Considerable difficulty has been experienced in the investigation of triethylammonium nitrite,(l) in the preparation of triethylamine. In order to obtain the base in a pure condition, it was thought feasible to prepare tetraethylammonium bromide by the method described by Scott;(2) next, to convert it into the quaternary hydroxide by the interaction with moist silver oxide, which on heating would decompose into triethylamine and ethylene. But, as has been already noticed,(3) the method was not found suitable for the purpose; the lack of success has been, reasonably enough, assigned to the higher atmospheric temperature of this tropical country. Next Hofmann’s(4) method was tried; and in spite of the want of the indespensable details of this classical memoir, the base has been prepared by it. But the yield being comparatively poor, it was thought worth while investigating the exact condition under which the triethylamine can be conveniently prepared.

Ethylamine Synthesis
Of the two alkyl halides, ethyl iodide and bromide, the latter has been found easier to prepare, the former invariably yielding a mixture of all four bases under different circumstances. Seventy-five cc. of ethyl bromide and 50 cc. of strong ammonia (sp. gr. 0.88) were taken in a 750 cc. thick glass flask, sufficient absolute alcohol was then added to effect solution, and the flask immediately closed with a rubber cork and tied with wire. Next the flask was placed in a steam oven for three hours. After cooling, it was opened and the alcohol (which may be again used for the same purpose after rectification) was distilled off. The residue was disolved in a minimum quantity of water and distilled with an excess of caustic soda solution. The alkaline distillate was collected under dilute hydrochloric acid (1 in 3). This hydrochloric acid solution was evaporated on the water bath till there was no odor of the acid and the product, when removed from the water bath, solidified to a crystalline mass after a few minutes.

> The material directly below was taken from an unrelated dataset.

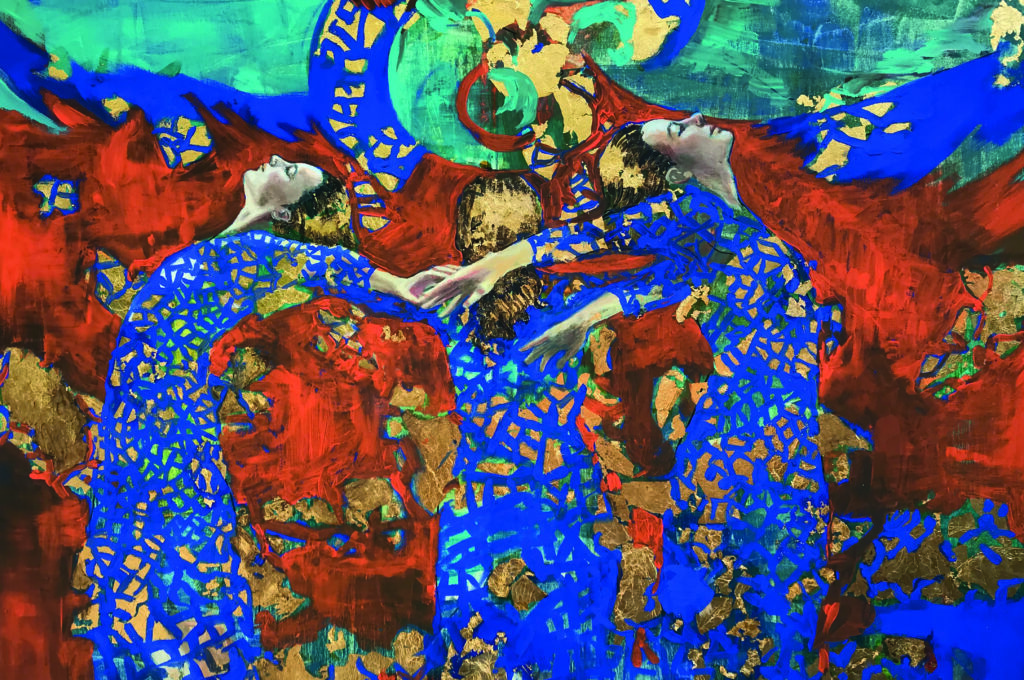 ‘Danza del viento’, Serie Guardianes, Acrílico sobre tela, 0,80 x 1,00 m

If this solid mass be again placed on the water bath, it melts partially and remains as a mixture of fine, white crystals of ammonium chloride and a transparent liquid, which was expected to be a mixture of hydrochlorides of ethylamines. The ammonium chloride might have been quite efficiently eliminated by extraction with a mixture of ether and alcohol;(5) but, in dealing with larger quantities, the following method was found more convenient and less expensive.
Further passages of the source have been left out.